The Effects of Iodate, N-Ethylmaleimide, and Oxygen on the Mixing Tolerance of Doughs.

P. Meredith and W. Bushuk. Copyright 1962 by the American Association of Cereal Chemists, Inc. 

The effect of two sulfhydryl reagents, N-ethylmaleimide (NEMI) and iodate, added to doughs mixed in nitrogen, air, and oxygen, was studied using the farinograph, the extensigraph, and a technique to estimate the acid-insoluble part of washed gluten. Both reagents cause dough breakdown during mixing in nitrogen, but NEMI is more effective.
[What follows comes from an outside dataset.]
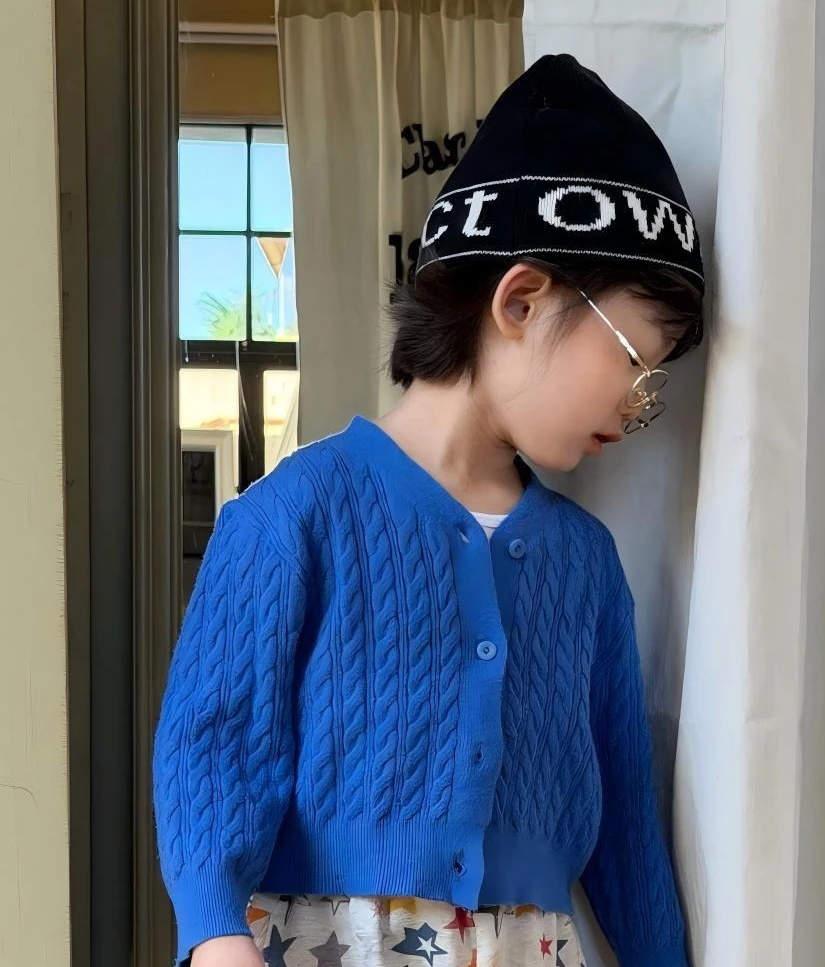 

Childrens Top 2026 Spring New Korean Knitting Fried Dough Twists Cardigan Casual Daily Fashion Versatile Wear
The effect of iodate seems to reach a saturation point where more is ineffective; additional NEMI continues to show effect but at a diminishing rate. In doughs mixed in air or oxygen, the effect of incorporated oxygen is superposed on that of iodate or NEMI; oxygen alone has only slight effects during analogous mixing times. Dough breakdown occurs with less iodate or NEMI when mixed in air or nitrogen. Oxygen has an added effect regardless of how much iodate is present; this effect occurs only at lower dosages of NEMI. NEMI added to iodate-treated dough causes additional breakdown; there is no similar effect when the reagents are reversed. The results are therefore discussed in terms of the role of the sulfhydryl groups in chemical and physical changes in dough structure.